“It’s quite a simple process,”
the astrophysicist-turned-lecturer remarked to the class
as he wrote the multi-step equation on the blackboard
while the coeds and their admirers
watched from their balcony seats in the college auditorium.
“You don’t know ass from Adam, do ya boy?”
barked the football coach
who stood atop the tackling sled
while his pupil drove the potbellied one towards the sidelines.
“It’s more technique than leverage or strength, honey,”
whispered Lisa, the former strip tease artist turned campus entrepreneur,
as she guided her handsome, hulky, blonde virgin
in the finer arts of romance
while wrestling in the backseat of a Pontiac Bonneville sedan
in the secluded area just outside the campus front gate.
“What is thrust?” the instructor nervously repeated to himself.
“By nature, it’s a reactive force
described quantitatively by Newton’s Second and Third Laws
and occurs when a system expels or accelerates mass in one direction,”
Dr. Keller replied to Amy, the nerdy front row student,
as he pointed to the example cited in the text . . .
although no one in the peanut gallery seemed to be paying attention
to the good man’s not so subtle crush
on the best pupil in the course.
“It’s a simple process, son, if you can get it in that thick skull of yours,”
bellowed the blow heart who turned a deeper shade of purple
as he leaned into the first-year linebacker’s ear
while the 300 pound freshmen turned a brighter shade of red.
“If it’s done properly,
it’s like dancing under a full moon
in the middle of the night, ”Lisa added
as she wiped the boy’s brow clear of sweat,
as they both swayed to the music
while she held his torso close then pushed away, then close again,
until the complete list of favorites ended on the mix tape.
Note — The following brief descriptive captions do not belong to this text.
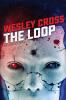 The Loop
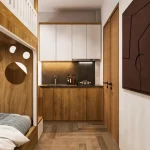  50m2 - 6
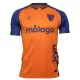 Maillot Malaga Homme Third 2025-26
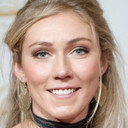 Mikaela Shiffrin als Self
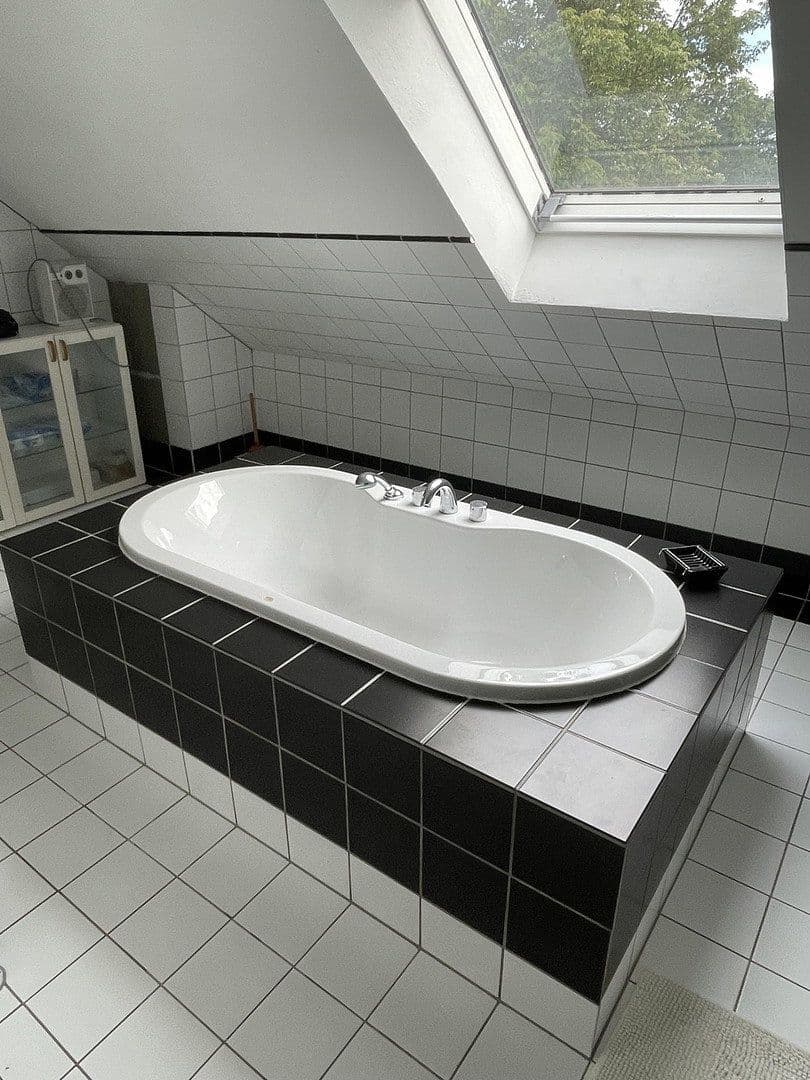 Prodej domu 180 m², pozemek 1.560 m², Müncheberg, Braniborsko Prodej domu 180 m², pozemek 1.560 m², Müncheberg, Braniborsko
“Can anyone give me an example of how this force
can be used in a man-made situation?
stammered the man with Einstein hair
after he crossed his arms and pondered the intelligence
of the perplexed audience in the mid-west, state run school.
and continued his talk until
the clock clicked ten till the hour
and the mass of bodies – tall, short, thick and thin – jammed their way outside
in anticipation of that night’s Valentine’s dance
in the student union.
“If ya don’t move your man off the line, he’ll kill our running back,
understood, numbskull?” the athletics coach yelled
as he grabbed the chin strap of his prized pupil’s helmet
before spitting out tobacco
on the young man’s cleats.
“That’s it, good, rock the baby, rock the baby gently,”
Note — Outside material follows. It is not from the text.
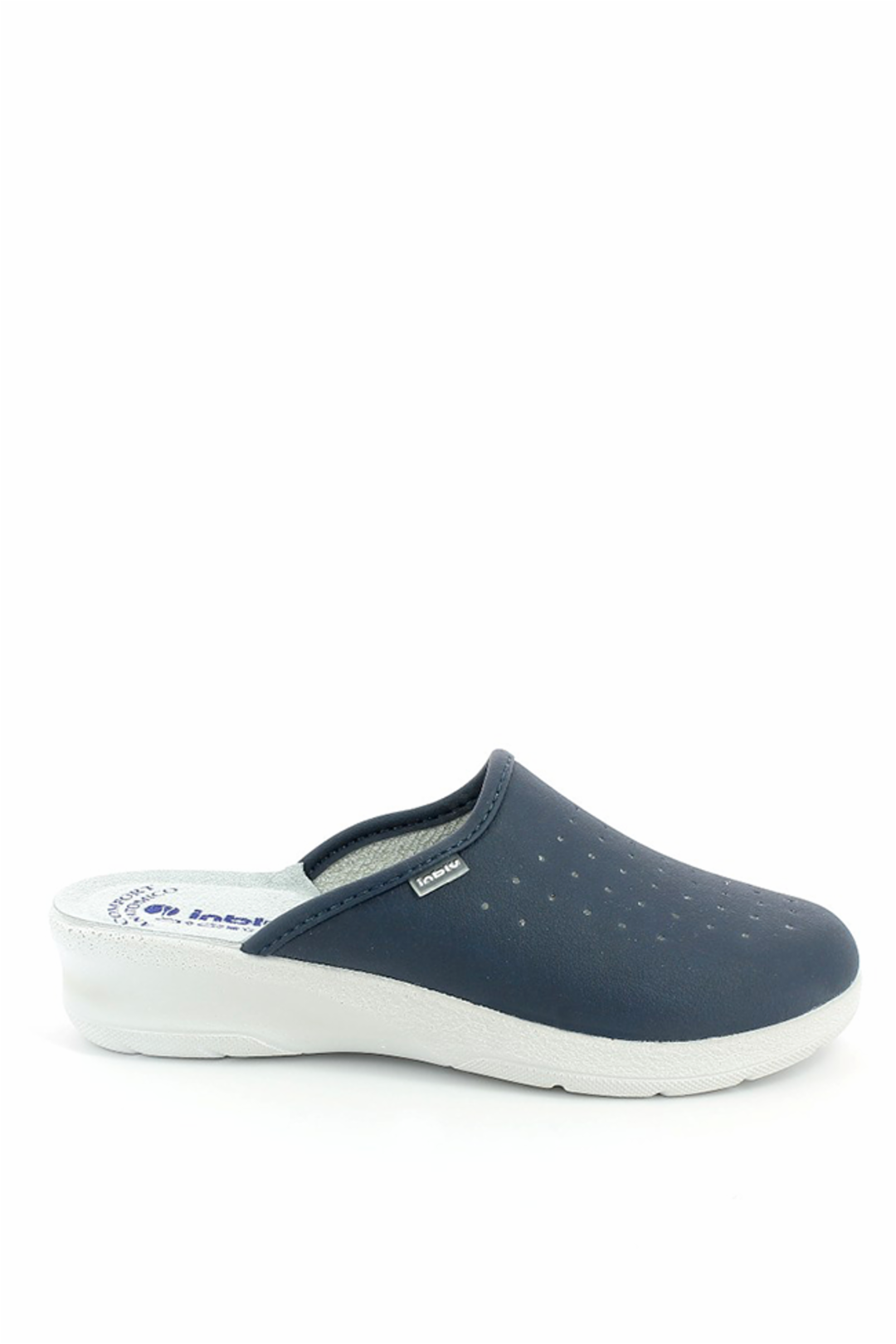 INBLU CIABATTE SANITARIE 5033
the veteran vixen breathlessly moaned into the freshman’s nibbled ear
as his thrust produced liftoff
and the two jettisoned cargo into the stratosphere
in Professor Keller’s new car,
— the one he always forgot to lock.
At the end of a two trying semesters,
the Ph.D. from Cornell
quit – citing a lack of passion for teaching mostly nincompoops.
The linebacker coach was also sacked
by his rookie
and the school
for immoral behavior in the men’s locker room.
As for Lisa and her lover in Dr. Keller’s Bonneville?
They’re now proud parents of a bouncing baby boy.